The -mm tree is included into linux-next and is updated
there every 3-4 working days

------------------------------------------------------
From: Dave Chinner <dchinner@xxxxxxxxxx>
Subject: list_lru: fix broken LRU_RETRY behaviour

The LRU_RETRY code assumes that the list traversal status after we have
dropped and regained the list lock.  Unfortunately, this is not a valid
assumption, and that can lead to racing traversals isolating objects that
the other traversal expects to be the next item on the list.

This is causing problems with the inode cache shrinker isolation, with
races resulting in an inode on a dispose list being "isolated" because a
racing traversal still thinks it is on the LRU.  The inode is then never
reclaimed and that causes hangs if a subsequent lookup on that inode
occurs.

Fix it by always restarting the list walk on a LRU_RETRY return from the
isolate callback.  Avoid the possibility of livelocks the current code was
trying to aavoid by always decrementing the nr_to_walk counter on retries
so that even if we keep hitting the same item on the list we'll eventually
stop trying to walk and exit out of the situation causing the problem.

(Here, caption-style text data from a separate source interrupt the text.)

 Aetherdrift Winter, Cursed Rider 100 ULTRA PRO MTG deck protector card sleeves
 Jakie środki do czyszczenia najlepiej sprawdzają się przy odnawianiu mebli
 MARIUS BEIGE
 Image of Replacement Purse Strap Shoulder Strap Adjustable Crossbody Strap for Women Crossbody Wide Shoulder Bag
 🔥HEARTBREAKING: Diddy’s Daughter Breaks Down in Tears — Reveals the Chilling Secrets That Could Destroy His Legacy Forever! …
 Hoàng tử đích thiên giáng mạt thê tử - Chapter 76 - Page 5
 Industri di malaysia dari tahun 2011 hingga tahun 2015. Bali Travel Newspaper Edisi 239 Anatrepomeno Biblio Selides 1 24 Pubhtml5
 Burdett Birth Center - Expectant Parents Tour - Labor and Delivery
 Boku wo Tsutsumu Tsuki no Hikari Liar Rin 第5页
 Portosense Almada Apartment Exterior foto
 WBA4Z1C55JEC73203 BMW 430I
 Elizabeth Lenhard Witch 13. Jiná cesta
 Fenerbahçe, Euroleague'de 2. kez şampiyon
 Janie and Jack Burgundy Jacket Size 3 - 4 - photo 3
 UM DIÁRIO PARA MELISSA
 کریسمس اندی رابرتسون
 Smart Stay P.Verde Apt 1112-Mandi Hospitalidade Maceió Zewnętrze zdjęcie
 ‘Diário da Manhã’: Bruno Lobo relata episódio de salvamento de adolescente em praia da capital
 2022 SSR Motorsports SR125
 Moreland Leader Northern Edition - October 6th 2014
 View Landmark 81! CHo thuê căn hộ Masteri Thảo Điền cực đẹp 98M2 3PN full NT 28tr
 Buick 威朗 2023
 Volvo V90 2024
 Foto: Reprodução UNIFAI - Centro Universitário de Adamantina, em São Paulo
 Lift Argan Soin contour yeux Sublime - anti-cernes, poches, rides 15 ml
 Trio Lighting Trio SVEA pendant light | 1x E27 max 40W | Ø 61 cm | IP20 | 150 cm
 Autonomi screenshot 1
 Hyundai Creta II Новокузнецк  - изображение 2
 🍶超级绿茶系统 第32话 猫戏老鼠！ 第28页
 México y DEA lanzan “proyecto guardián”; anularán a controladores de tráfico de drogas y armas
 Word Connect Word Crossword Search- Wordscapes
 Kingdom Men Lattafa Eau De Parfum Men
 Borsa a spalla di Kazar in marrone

Reported-by: Michal Hocko <mhocko@xxxxxxx>
Signed-off-by: Dave Chinner <dchinner@xxxxxxxxxx>
Cc: Glauber Costa <glommer@xxxxxxxxx>
Signed-off-by: Andrew Morton <akpm@xxxxxxxxxxxxxxxxxxxx>
---

 mm/list_lru.c |   29 ++++++++++++-----------------
 1 file changed, 12 insertions(+), 17 deletions(-)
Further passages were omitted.